DR_WCLS_LASSO
DR_WCLS_LASSO.RdFit a basic doubly robust weighted centered least squares (DR-WCLS) model with variable selection.
Usage
DR_WCLS_LASSO(
data,
fold,
ID,
time,
Ht,
St,
At,
prob,
outcome,
method_pseu,
lam = NULL,
noise_scale = NULL,
splitrat = 0.8,
venv,
beta = NULL,
level = 0.9,
core_num = NULL,
max_tol = 10^{
-3
},
varSelect_program = "Python",
standardize_x = TRUE,
standardize_y = TRUE
)Arguments
- data
A data frame with one row per decision time (raw data; no pseudo-outcomes).
- fold
Number of folds used when estimating nuisance functions for the pseudo-outcome.
- ID
Column name of the participant identifier.
- time
Column name of the time-in-study (decision point).
- Ht
A vector specifying history features.
- St
A vector specifying moderator features.
- At
Column name of the treatment indicator.
- prob
Column name of the design probability \(p_t(A_t=1 \mid H_t)\).
- outcome
Column name of the outcome.
- method_pseu
ML method used to estimate nuisance functions for the pseudo-outcome. One of
"CVLASSO","RandomForest","GradientBoosting".- lam
Penalty value for randomized LASSO; if
NULL, a default is used. Default is \(\sqrt{2n* logp} \rho sd(y)\) where \(\rho\) is the split rate and \(n\) is the number of rows.- noise_scale
Gaussian noise added to the objective. Default is \(\sqrt{\frac{1-\rho}{\rho}\, n}\,\mathrm{sd}(y)\) where \(\rho\) is the split rate and \(n\) is the number of rows.
- splitrat
Data splitting rate \(\rho\); used only if
noise_scaleorlamisNULL.- beta
True coefficients (for simulation use only).
- level
Confidence level (e.g.,
0.90for a 90% interval).- core_num
Number of cores to use for parallel computation when compute pseudo-outcome.
- max_tol
Maximum tolerance for the pivot error. Default \(10^{-3}\).
- varSelect_program
"Python"(requires a validvirtualenv_path) or"R".- standardize_x
Logical flag for design matrix standardization, prior to the model selection.
- standardize_y
Logical flag for outcome standardization, prior to the model selection.
- virtualenv_path
Path to a Python virtual environment (for
reticulate) whenvarSelect_program = "Python".
Value
- E
Selected variables.
- GEE_est
GEE estimates without adjusting for selection events.
- lowCI
lower bound of confidence interval.
- upperCI
upper bound of confidence interval.
- prop_low
the exact quantile for the lower bound of confidence interval.
- prop_up
the exact quantile for the upper bound of confidence interval.
- p_value
P-values for selected variables.
- post_true
condition on the selection events, the true values for parameter \(\beta_E\) if simulation is conducted and true \(\beta\) values are provided; Otherwise, this value will not be present
.
- true_signal
logical value indicating whether the selected parameter is one of the true signals if simulation is conducted and true \(\beta\) values are provided; Otherwise, this value will not be present
Details
The function generates a pseudo-outcome, performs variable selection, then conducts post-selective inference to obtain valid confidence intervals adjusted for data dependent model selection.
Examples
sim_data = generate_dataset(N = 1000, T = 40, P = 50, sigma_residual = 1.5, sigma_randint = 1.5, main_rand = 3, rho = 0.7,
beta_logit = c(-1, 1.6 * rep(1/50, 50)), model = ~ state1 + state2 + state3 + state4,
beta = matrix(c(-1, 1.7, 1.5, -1.3, -1),ncol = 1),
theta1 = 0.8)
Ht = unlist(lapply(1:50, FUN = function(X) paste0("state",X)))

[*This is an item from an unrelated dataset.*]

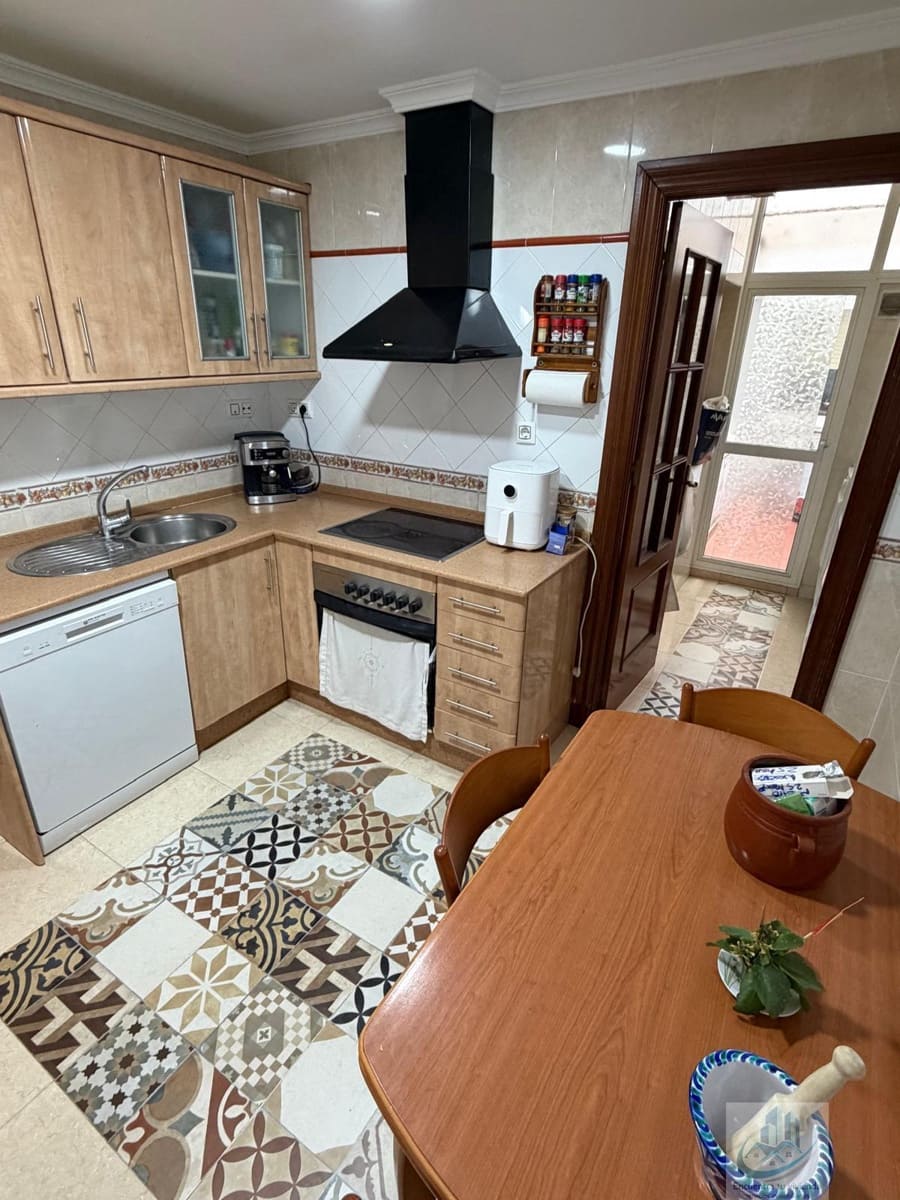 4 bedroom Flat for sale in San Fernando - € 235,000 (Ref: 9737333)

St = unlist(lapply(1:25, FUN = function(X) paste0("state",X)))
UI_return = DR_WCLS_LASSO(data = sim_data,
fold = 5, ID = "id",
time = "decision_point",
Ht = Ht, St = St, At = "action",
prob = "prob", outcome = "outcome",
method_pseu = "CVLASSO", lam = NULL, noise_scale = NULL, splitrat = 0.7,
varSelect_program = "R", standardize_x = F, standardize_y = F)

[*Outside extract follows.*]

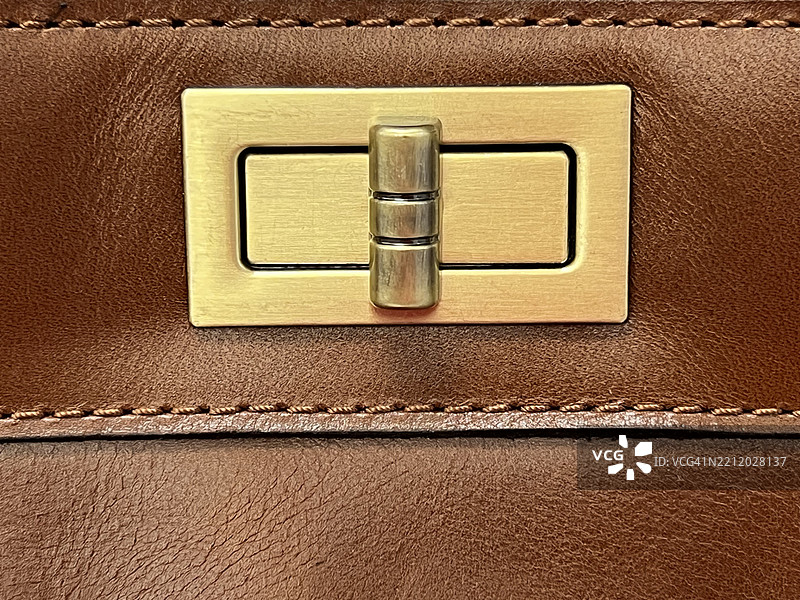 棕色手提包上的矩形金属旋锁图片素材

#> Loading required package: parallel
#> [1] "remove 0 lines of data due to NA produced for yDR"
#> [1] "The current lambda value is: 386.494777197391"

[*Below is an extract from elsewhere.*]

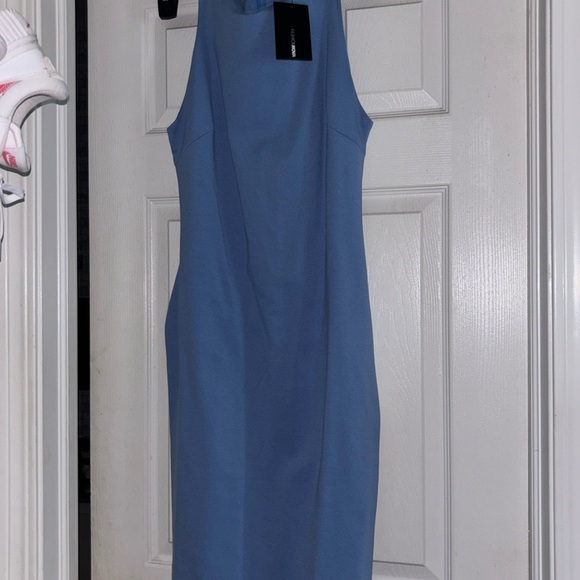 Midi sky blue sleeveless dress with zipper closure. - Picture 1 of 2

#> [1] "select predictors: (Intercept)" "select predictors: state1"
#> [3] "select predictors: state2" "select predictors: state3"
#> [5] "select predictors: state4"
#> [1] FALSE
#> [1] "state5" "state6" "state7" "state8" "state9" "state10" "state11"
#> [8] "state12" "state13" "state14" "state15" "state16" "state17" "state18"
#> [15] "state19" "state20" "state21" "state22" "state23" "state24" "state25"
#> Loading required package: dplyr
#>
#> Attaching package: ‘dplyr’
#> The following objects are masked from ‘package:stats’:
#>
#> filter, lag
#> The following objects are masked from ‘package:base’:
#>
#> intersect, setdiff, setequal, union